To date, the student team has used a script to download the 5,292 individual daily briefings, and  Optical Character Recognition to convert the documents, available in PDF format, into machine-readable text.

Text mining technology will allow the student intern to provide Dr. Jones and his students with an overview of the materials, including topics (combinations of words that frequently appear together) therein.

As the request for this information has come from students of twentieth-century Southeast Asian history and politics, we will especially focus on topics including the names of Southeast Asian nations, cities, geographical features, and public figures.


We will also provide a review of sentiment analysis (scoring their positive or negative character) of the Daily Briefings and attempt to group them into sets (or clusters) of like documents, based on the words contained therein.

Upon its completion, this work will provide NIU researchers with a new data set heretofore unavailable to them: the machine readable text of the President’s Daily Briefings for the period under consideration. The University Libraries may choose to make this data set available for future research via its digital repository. 
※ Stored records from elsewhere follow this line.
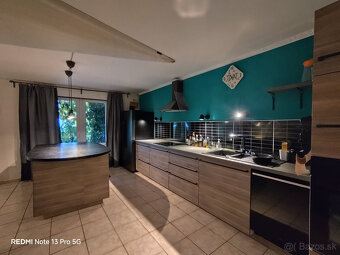 FINREA│3-izbový byt s terasou, predzáhradkou a parkovacím mi - 9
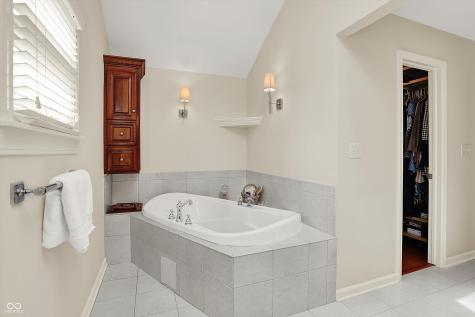 915 Williamsburg Lane Zionsville IN 46077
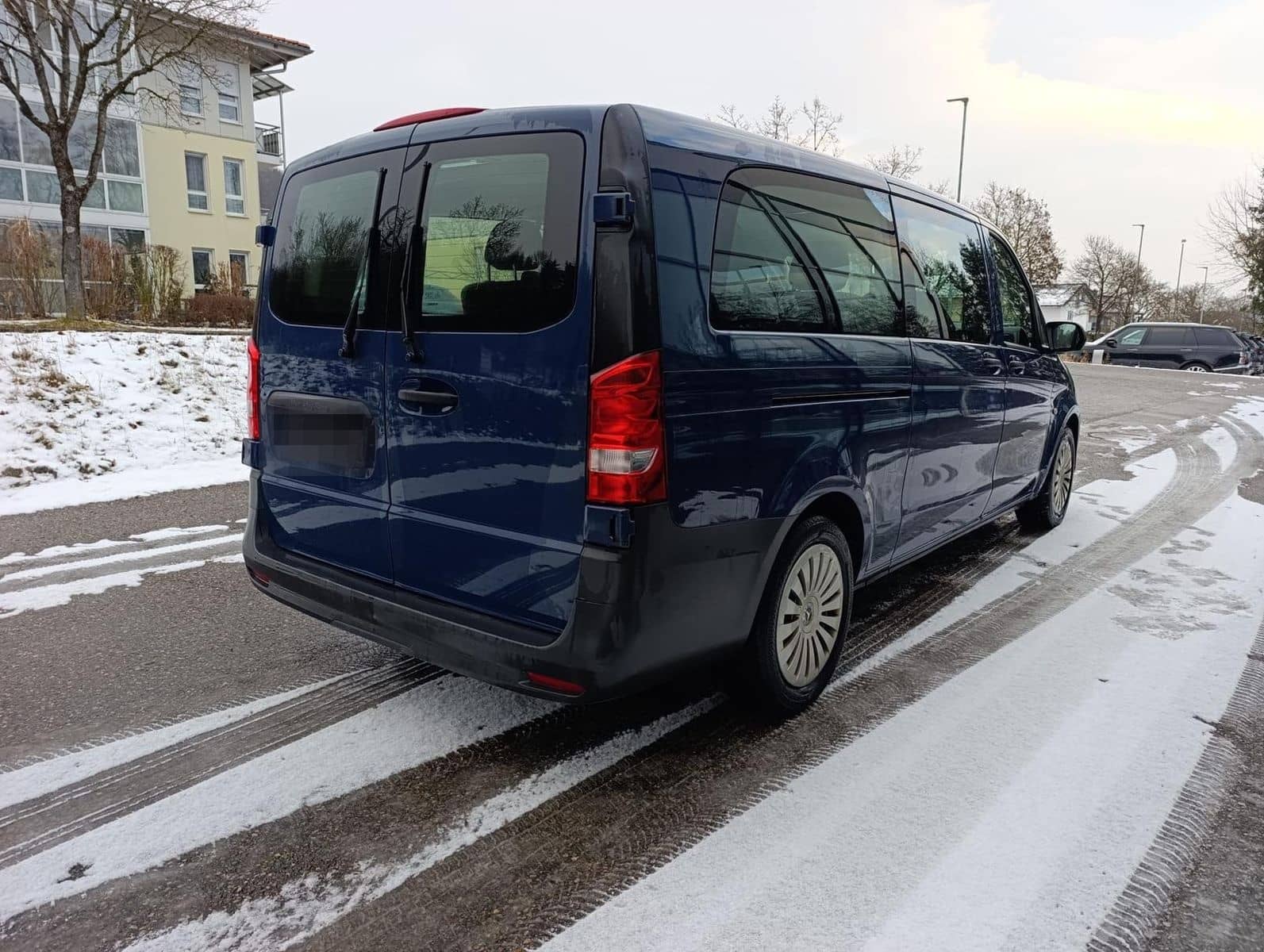Mercedes-Benz Vito 2.0 CDI Tourer Extranlang RFK Allwetterreif foto 6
The work will also provide NIU researchers with a detailed report of 
A) topics appearing in the collection, showing how individual topics may become more or less prominent within the larger collection at different periods in time; 

B) how the reports expressed positive or negative sentiments regarding national security concerns; and

C) and how the individual briefings relate to each other in terms of words used in common.

The project team will also share the machine-readable text data set and report of findings with other researchers by submitting it to an open-access Digital Humanities publication and/or data repository for the humanities and/or social sciences.